La Divina Commedia Il Paradiso Canto 3

Il poeta incontra per la prima volta da quando è in Paradiso delle anime di beati,

in particolare di coloro che fecero voto di castità e non lo mantennero perché furono sopraffatti dalla violenza altrui. Sono immagini così tenui ed immateriali che sembrano al poeta delle immagini riflesse: queste figure sprigionano tanta luce, che i lineamenti corporei sono molto evanescenti. Nel gruppo Dante riconosce Piccarda Donati, sorella di Corso (collocato nell'Inferno) e Forese (collocato in Purgatorio tra i golosi). In vita essi si erano conosciuti: ella si fece monaca, ma fu costretta dal fratello Corso a sposarsi. Il discorso tra i due verte su due temi: la felicità delle anime e la vicenda di Piccarda. Nel gruppo riconoscono anche un'altra ex suora, Costanza di Altavilla, madre dell'imperatore Federico II, costretta al matrimonio dai politici. Le anime tuttavia esprimono la loro felicità con un canto di grazie alla Vergine; così le anime trascolorano e fluiscono via, come fossero dentro qualcosa di indeterminato. Da questa immagine a Dante viene in mente l'acqua, una massa d'acqua limpida che contiene dentro di sé i pesci, o in cui sprofonda un grave immergendosi in essa. Emerge quindi il tema della purezza, della tranquillità interiore, della pace.
Al verso 21 Dante, trovandosi per la prima volta di fronte a delle anime del paradiso, ritiene che siano riflesse, e perciò istintivamente si volge a cercare le figure reali. Non vedendo nessuno dietro di sé guarda Beatrice, che sorride per il suo equivoco. Dante infatti ancora valuta le cose secondo le leggi terrene, invece le anime che vede sono vere, ed il fatto di avere lineamenti incerti è in relazione alla loro condizione di beatitudine: siccome in vita non hanno saputo o potuto obbedire al voto, si trovano nel primo cielo (o della Luna), che è il cielo da cui partono le influenze di incertezza di volontà e di instabilità.
Al verso 33 Beatrice rassicura Dante del fatto che le anime che andrà di qui in poi per incontrare non saranno mai anime bugiarde, come nell'Inferno.
Al verso 78 Dante chiede a Piccarda se in Paradiso esista una gerarchia di beatitudine e quindi il desiderio di collocarsi più in alto. Piccarda gli risponde dicendo che tale ipotesi è in contrasto con la natura della beatitudine, che si fonda sull'appagamento dei desideri. Ogni beato è soddisfatto del posto che occupa perché gli è stato assegnato in relazione ai suoi meriti e alla sua capacità di beatitudine.

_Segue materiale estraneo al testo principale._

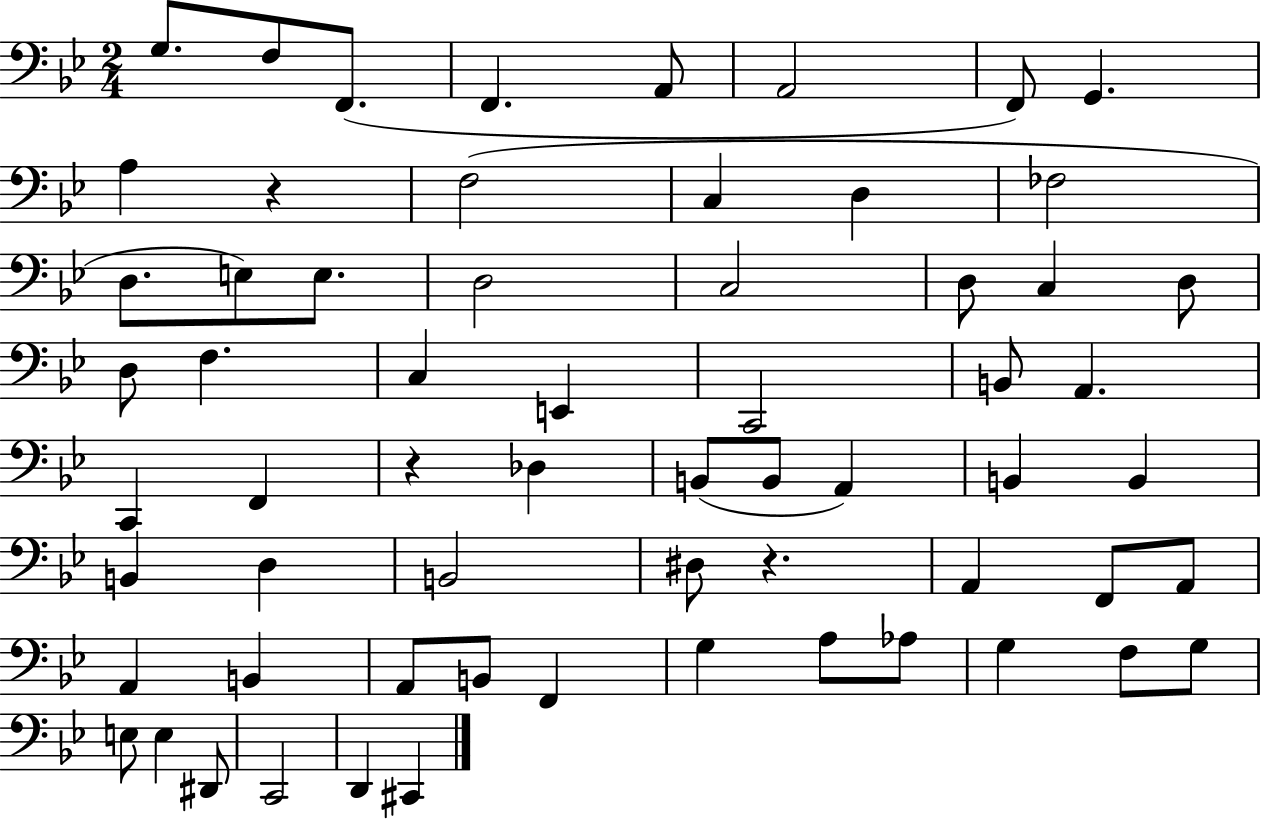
{
  \clef bass
  \numericTimeSignature
  \time 2/4
  \key bes \major
  g8. f8 f,8.( | f,4. a,8 | a,2 | f,8) g,4. | \break a4 r4 | f2( | c4 d4 | fes2 | \break d8. e8) e8. | d2 | c2 | d8 c4 d8 | \break d8 f4. | c4 e,4 | c,2 | b,8 a,4. | \break c,4 f,4 | r4 des4 | b,8( b,8 a,4) | b,4 b,4 | \break b,4 d4 | b,2 | dis8 r4. | a,4 f,8 a,8 | \break a,4 b,4 | a,8 b,8 f,4 | g4 a8 aes8 | g4 f8 g8 | \break e8 e4 dis,8 | c,2 | d,4 cis,4 | \bar "|."
}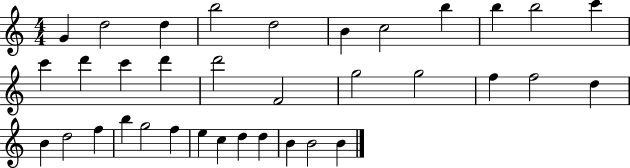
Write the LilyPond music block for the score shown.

{
  \clef treble
  \numericTimeSignature
  \time 4/4
  \key c \major
  g'4 d''2 d''4 | b''2 d''2 | b'4 c''2 b''4 | b''4 b''2 c'''4 | \break c'''4 d'''4 c'''4 d'''4 | d'''2 f'2 | g''2 g''2 | f''4 f''2 d''4 | \break b'4 d''2 f''4 | b''4 g''2 f''4 | e''4 c''4 d''4 d''4 | b'4 b'2 b'4 | \break \bar "|."
}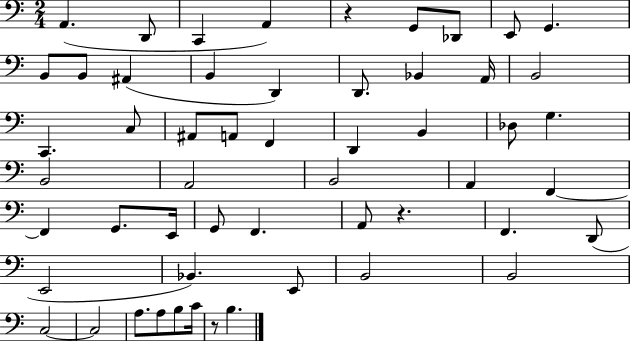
A2/q. D2/e C2/q A2/q R/q G2/e Db2/e E2/e G2/q. B2/e B2/e A#2/q B2/q D2/q D2/e. Bb2/q A2/s B2/h C2/q. C3/e A#2/e A2/e F2/q D2/q B2/q Db3/e G3/q. B2/h A2/h B2/h A2/q F2/q F2/q G2/e. E2/s G2/e F2/q. A2/e R/q. F2/q. D2/e E2/h Bb2/q. E2/e B2/h B2/h C3/h C3/h A3/e. A3/e B3/e C4/s R/e B3/q.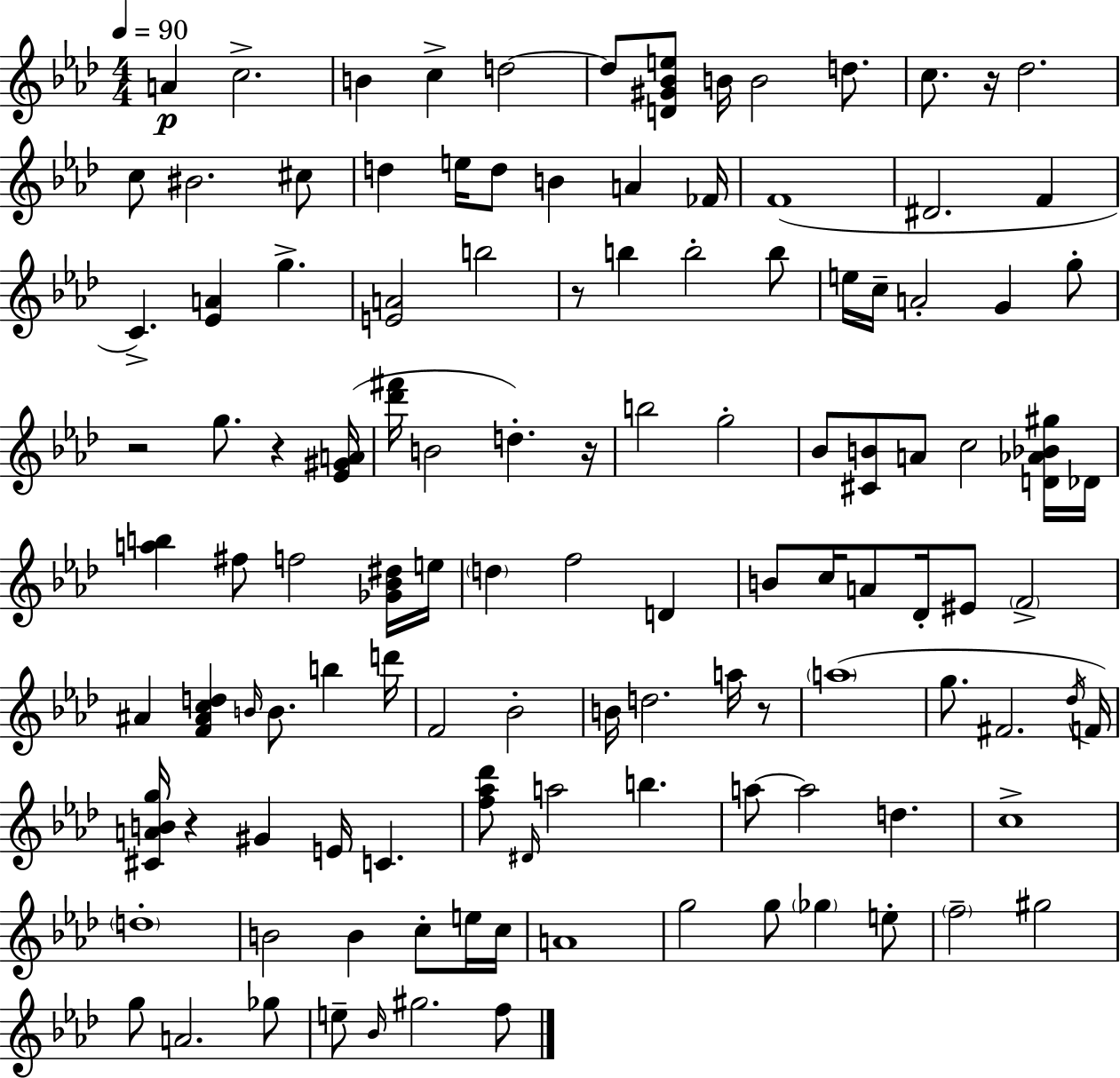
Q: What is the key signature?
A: F minor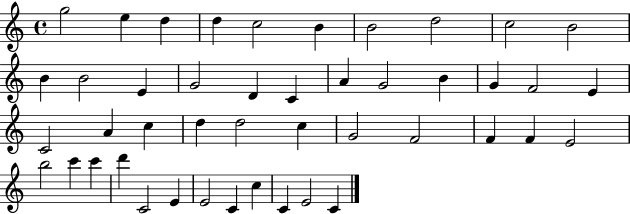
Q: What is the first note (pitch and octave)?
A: G5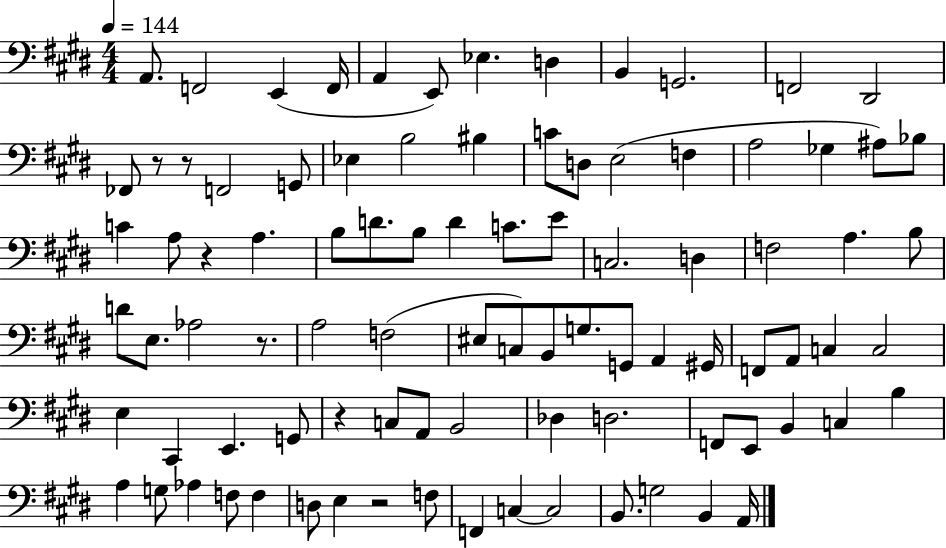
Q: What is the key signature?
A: E major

In caso contrario, il Paradiso sarebbe simile ad una corte terrena, dove ogni cortigiano è infelice della propria condizione e desidera avvicinarsi sempre di più al signore.

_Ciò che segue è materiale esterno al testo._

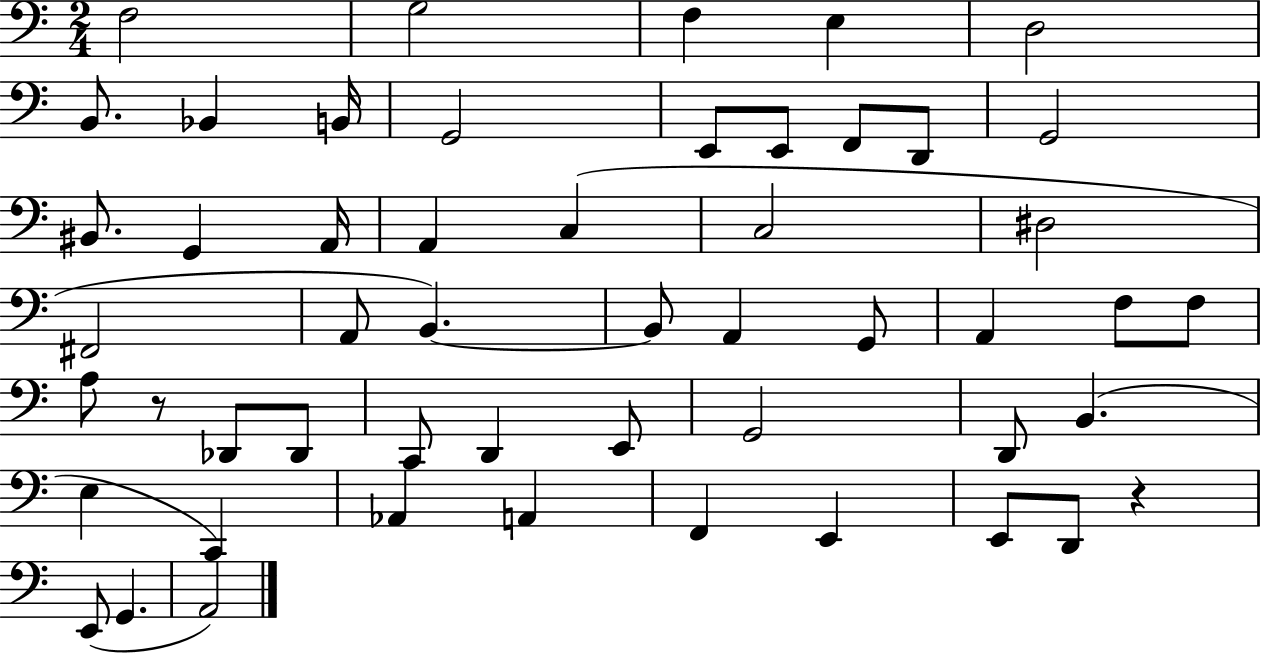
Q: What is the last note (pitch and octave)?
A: A2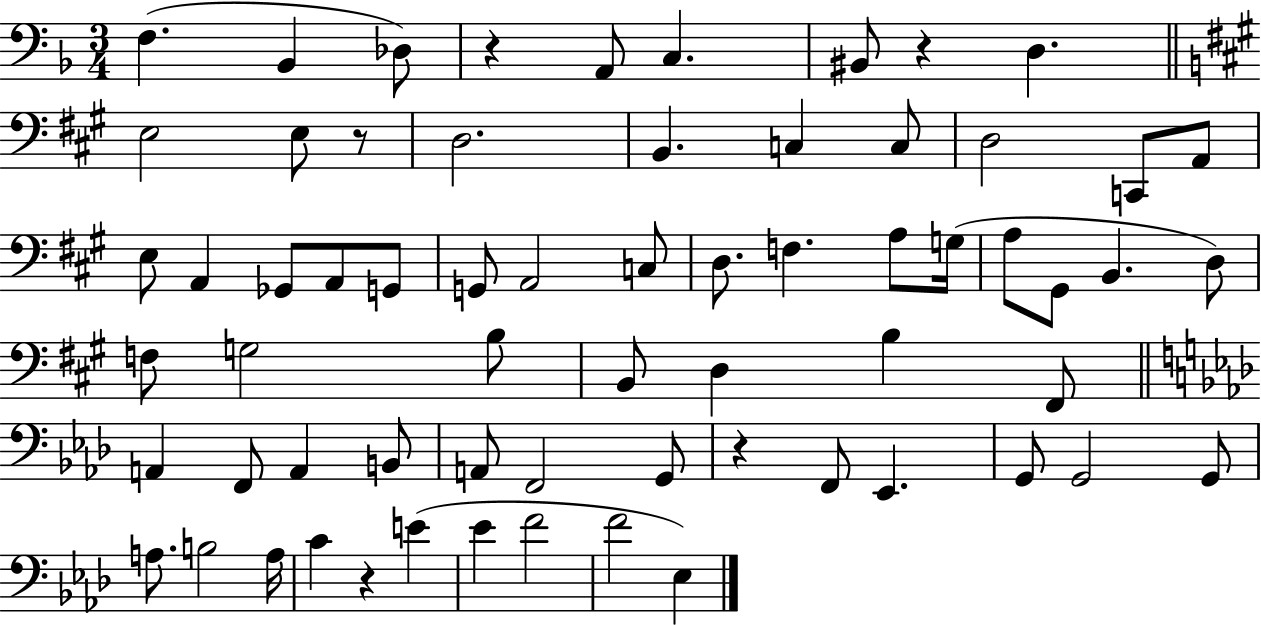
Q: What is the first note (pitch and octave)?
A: F3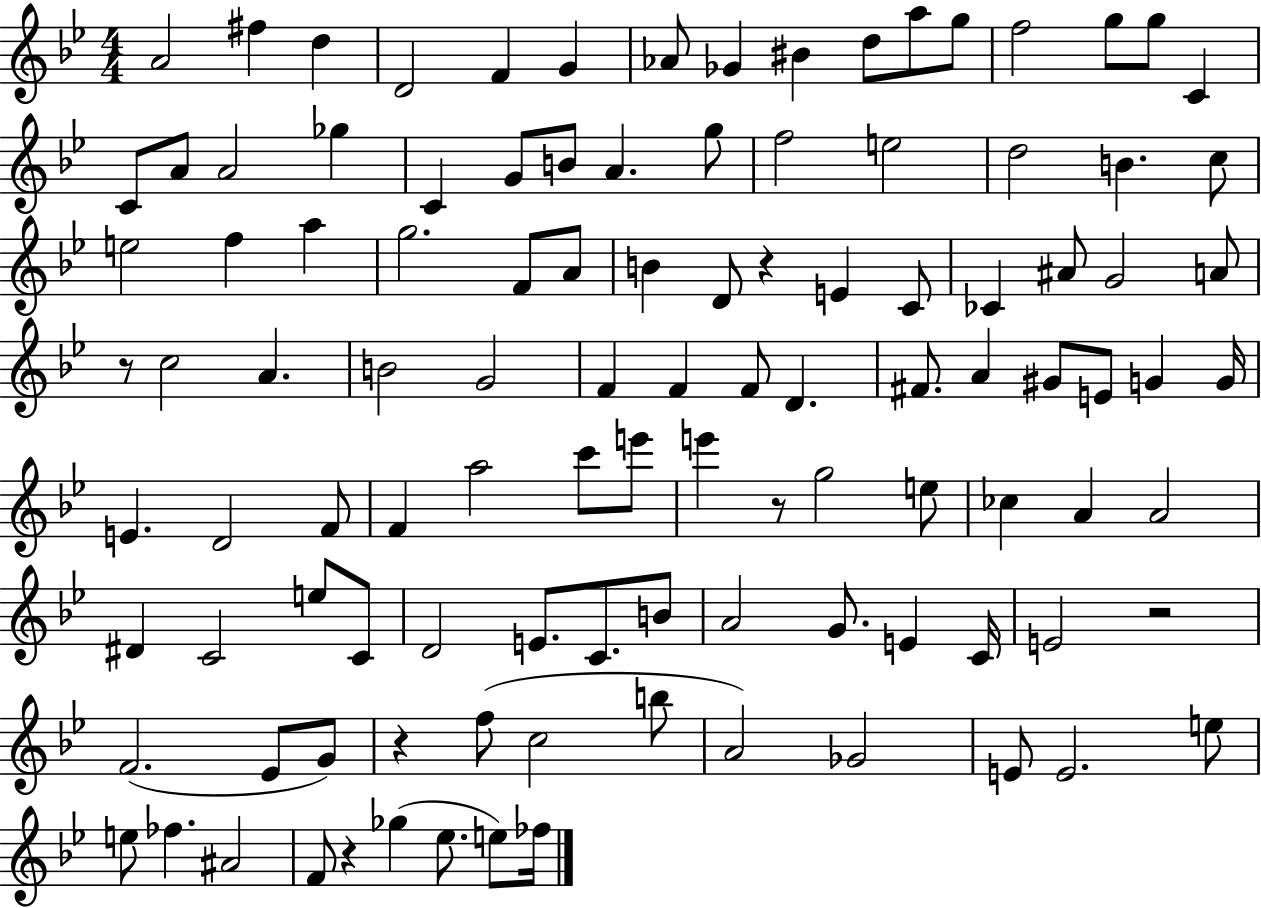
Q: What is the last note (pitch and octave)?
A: FES5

Al verso 84 Piccarda spiega ulteriormente la loro condizione: nessun beato è infelice perché le loro volontà si identificano con quella di Dio, non perché ad essa asservite, ma poiché ad essa liberamente tendono.

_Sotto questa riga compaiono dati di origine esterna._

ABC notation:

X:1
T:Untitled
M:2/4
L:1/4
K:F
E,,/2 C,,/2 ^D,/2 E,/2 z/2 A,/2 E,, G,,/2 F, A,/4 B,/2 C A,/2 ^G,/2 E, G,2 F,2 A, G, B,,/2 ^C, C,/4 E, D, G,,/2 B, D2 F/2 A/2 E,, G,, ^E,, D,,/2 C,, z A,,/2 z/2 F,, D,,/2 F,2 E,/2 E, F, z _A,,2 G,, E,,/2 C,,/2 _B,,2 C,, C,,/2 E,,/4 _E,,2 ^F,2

Al verso 120 Accanto a Piccarda, si nota la luminosità dell'anima di Costanza d'Altavilla, che anch'essa fu costretta a lasciare il convento per sposarsi con Arrigo VI, secondo imperatore di Svevia, e partorire Federico II. In realtà Costanza non era stata monaca, ma qui Dante recupera la leggenda guelfa secondo cui la donna avrebbe generato l'Anticristo (Federico II). Tuttavia, Dante, a differenza dei guelfi, non la descrive come la madre di un mostro, ma ne fa un esempio della violenza che caratterizza la società duecentesca.